1.1 Das Obergericht ist auf die Appellation nicht eingetreten, da die Beschwerdeführer weder als Privatkläger im Sinne von Art. 47 StrV/BE noch als Opfer im Sinne von Art. 2 OHG anzusehen und daher weder gemäss Art. 335 Ziff. 2 StrV/BE noch gestützt auf Art. 8 Abs. 1 lit. c OHG befugt seien, gegen das Urteil, das die Beschwerdegegner mangels Erfüllung jedenfalls des subjektiven Tatbestands vom Vorwurf der Rassendiskriminierung im Sinne von Art. 261bis Abs. 4 zweiter Satzteil StGB freispreche, eine Appellation zu ergreifen. Zur Begründung führt das Obergericht in eingehender Auseinandersetzung insbesondere mit der Lehre im Wesentlichen aus, dass die hier einzig zur Diskussion stehende Tatbestandsvariante der Leugnung von Völkermord oder von anderen Verbrechen gegen die Menschlichkeit im Sinne von Art. 261bis Abs. 4 zweiter Satzteil StGB ein Delikt gegen den öffentlichen Frieden und damit gegen die Allgemeinheit sei. Durch Art. 261bis Abs. 4 zweiter Satzteil StGB werde mithin das allgemeine Rechtsgut des öffentlichen Friedens geschützt; individuelle Rechtsgüter, etwa die Menschenwürde des Einzelnen, welcher einer Gruppe von Personen angehöre, die allenfalls wegen ihrer Rasse, Ethnie oder Religion verfolgt worden sei, würden höchstens indirekt und mittelbar geschützt. Daher werde der Einzelne durch die angebliche Leugnung eines Völkermords nicht im Sinne von Art. 47 Abs. 1 StrV/BE unmittelbar in eigenen rechtlich geschützten Interessen verletzt bzw. nicht gemäss Art. 2 Abs. 1 OHG unmittelbar beeinträchtigt. 

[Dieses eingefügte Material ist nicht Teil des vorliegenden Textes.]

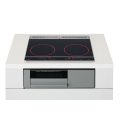 パナソニック KZ-F1W6CL IHクッキングヒーター 2口IH Fシリーズ 幅60cm 光るリングあり 低電気容量 ブラック(KZ-K22CL3の後継品)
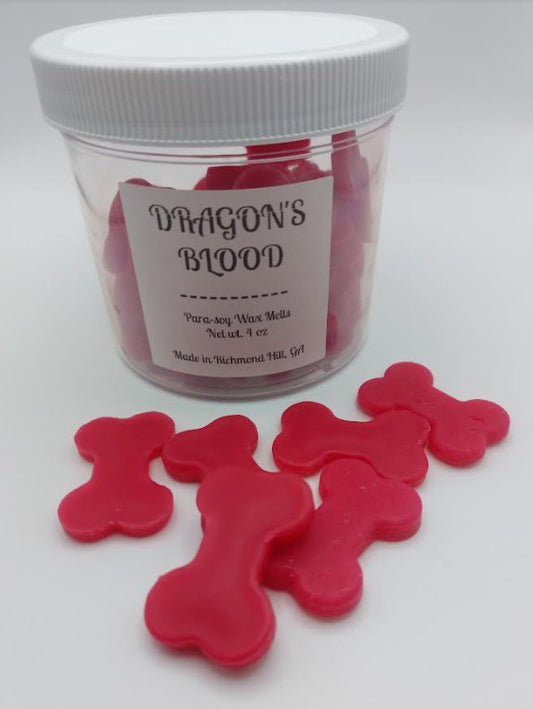 Dragon's Blood Bone Shaped Wax Melt 4 oz - Low Country Pet - Wax Melt - Bone Shaped - 20001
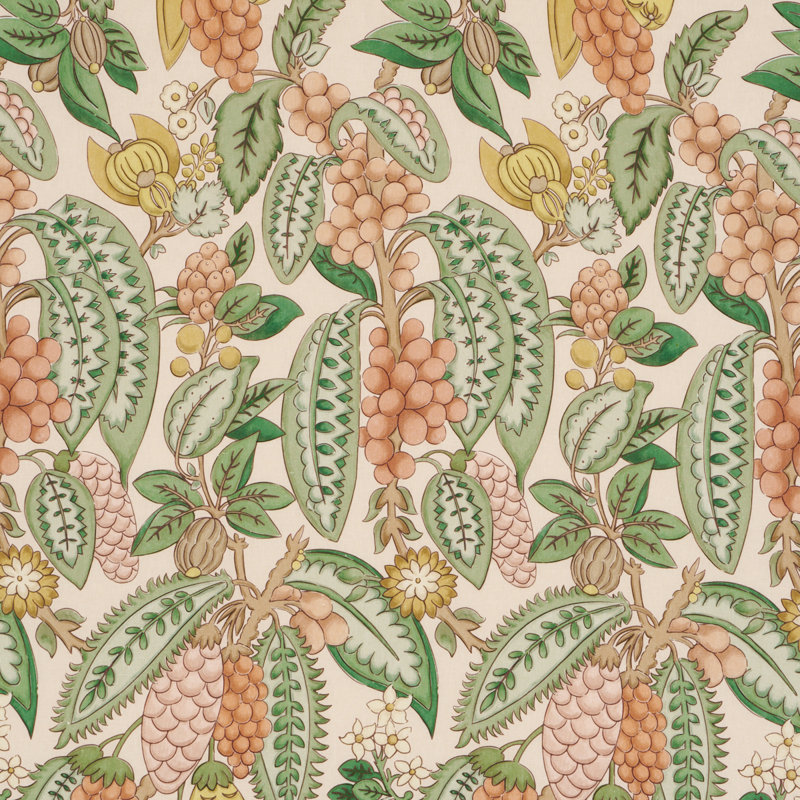 Schumacher X Timothy Corrigan Fruits De Saison Fabric, Apricot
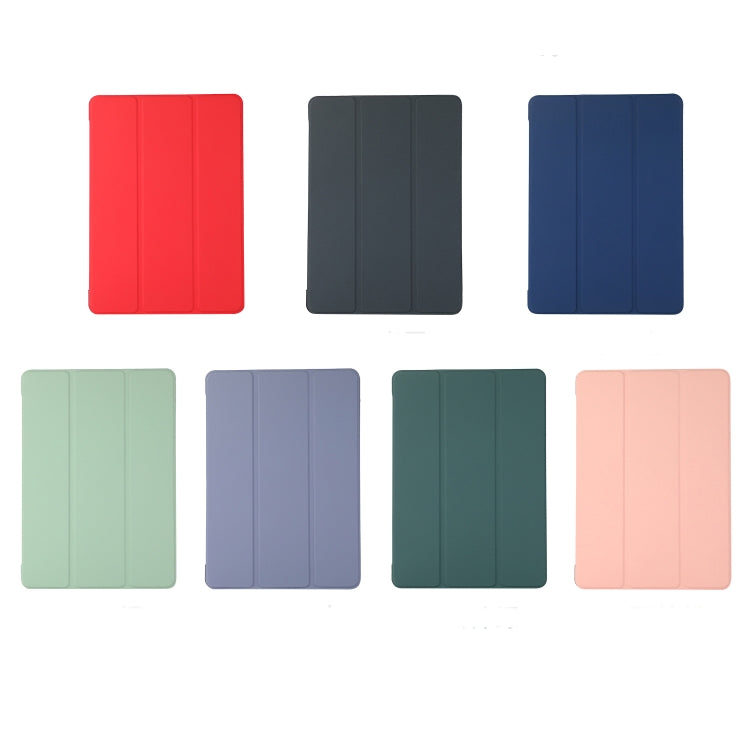 3-folding Skin Texture Horizontal Flip TPU + PU Leather Case with Holder For iPad Air 2022 / 2020 10.9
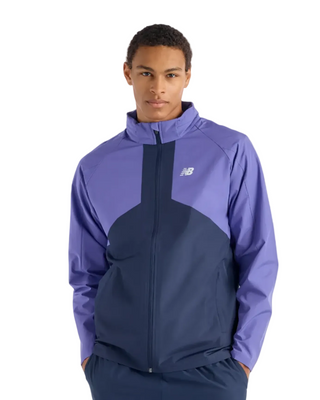 New Balance Mens Utility Woven Jacket | Electric Purple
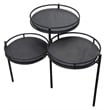 Pemberly Row Foldable Planter Stand in Modern Black on Solid Wood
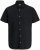 Jack & Jones Breeze Linen Short Sleeve Shirt Black - Hemden - Overhemden Grote Maten Heren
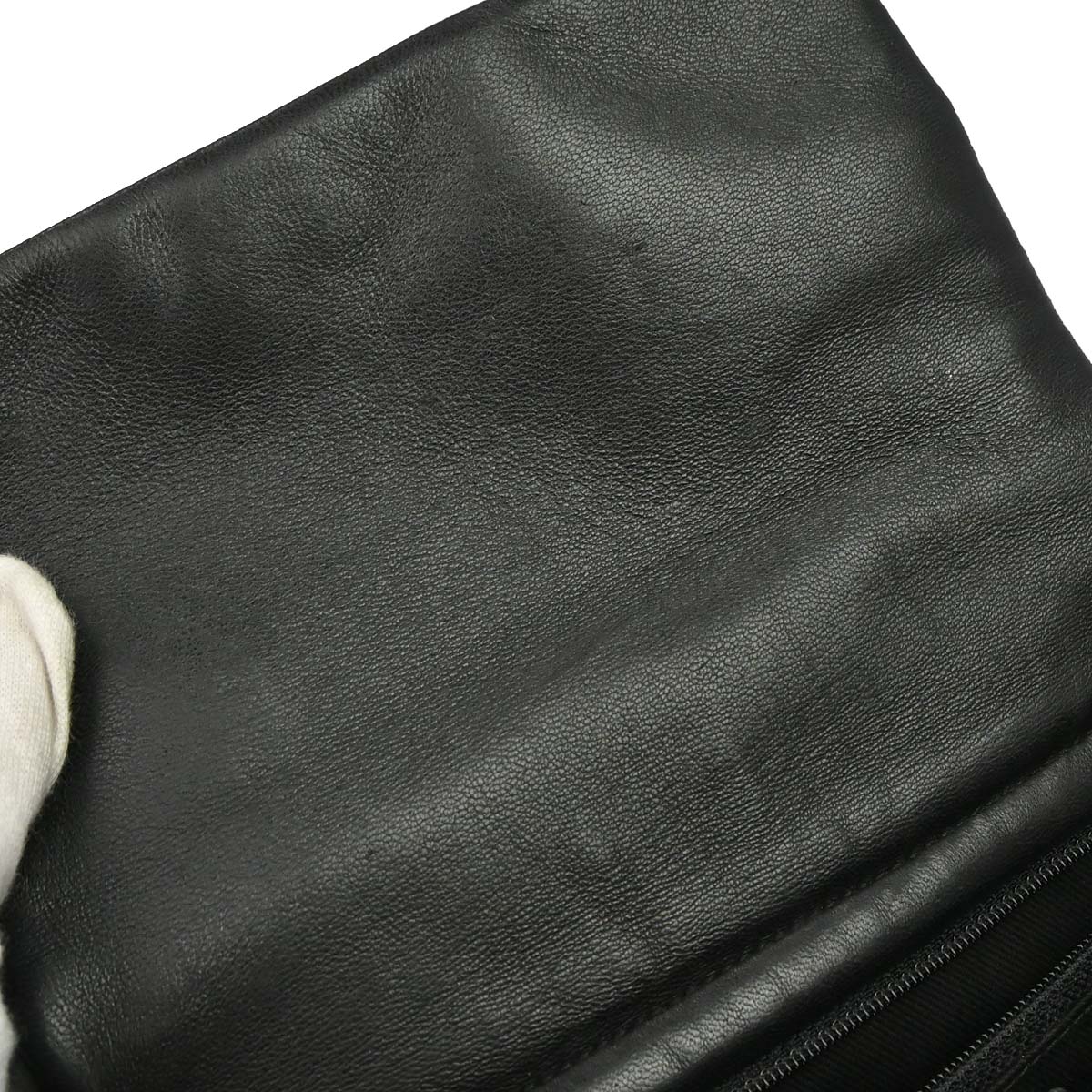 Chanel 2008-2009 Black Lambskin Tote Shoulder Bag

1.2 Die Auffassung des Obergerichts, dass die Beschwerdeführer durch die den Beschwerdegegnern zur Last gelegte Straftat nicht im Sinne von Art. 47 Abs. 1 StrV/BE unmittelbar in eigenen rechtlich geschützten Interessen verletzt worden seien, ist weder willkürlich noch aus andern Gründen verfassungswidrig. Wie der Kassationshof in seinem Urteil zur eidgenössischen Nichtigkeitsbeschwerde ausführt, werden durch die hier einzig zur Diskussion stehende Straftat der Leugnung von Völkermord oder anderen Verbrechen gegen die Menschlichkeit im Sinne von Art. 261bis Abs. 4 zweiter Satzteil StGB das allgemeine Rechtsgut des öffentlichen Friedens verletzt und individuelle Rechtsgüter von andern, etwa deren psychische Integrität, höchstens mittelbar beeinträchtigt. Das in Art. 47 Abs. 1 StrV/BE - wie auch in Art. 2 Abs. 1 OHG - vorausgesetzte Merkmal der Unmittelbarkeit ist somit nicht gegeben. 
2. 
2.1 Die Beschwerdeführer machen geltend, die Feststellungen des Obergerichts betreffend ihre persönliche Betroffenheit bei der Lektüre der inkriminierten Äusserungen und ihre mit der Einreichung der Klage verfolgten Ziele beruhten auf willkürlicher Beweiswürdigung. Sie verfolgten entgegen der Meinung des Obergerichts keineswegs nur ein "überindividuelles" Interesse. Dass es ihnen mit dem Prozess (auch) um die Anerkennung der historischen Wahrheit gehe, ändere nichts daran, dass sie durch die inkriminierte Petition in ihren persönlichen Gefühlen verletzt worden seien, was sie denn auch deutlich zum Ausdruck gebracht hätten (staatsrechtliche Beschwerde S. 22 f.). Der Einwand geht an der Sache vorbei. 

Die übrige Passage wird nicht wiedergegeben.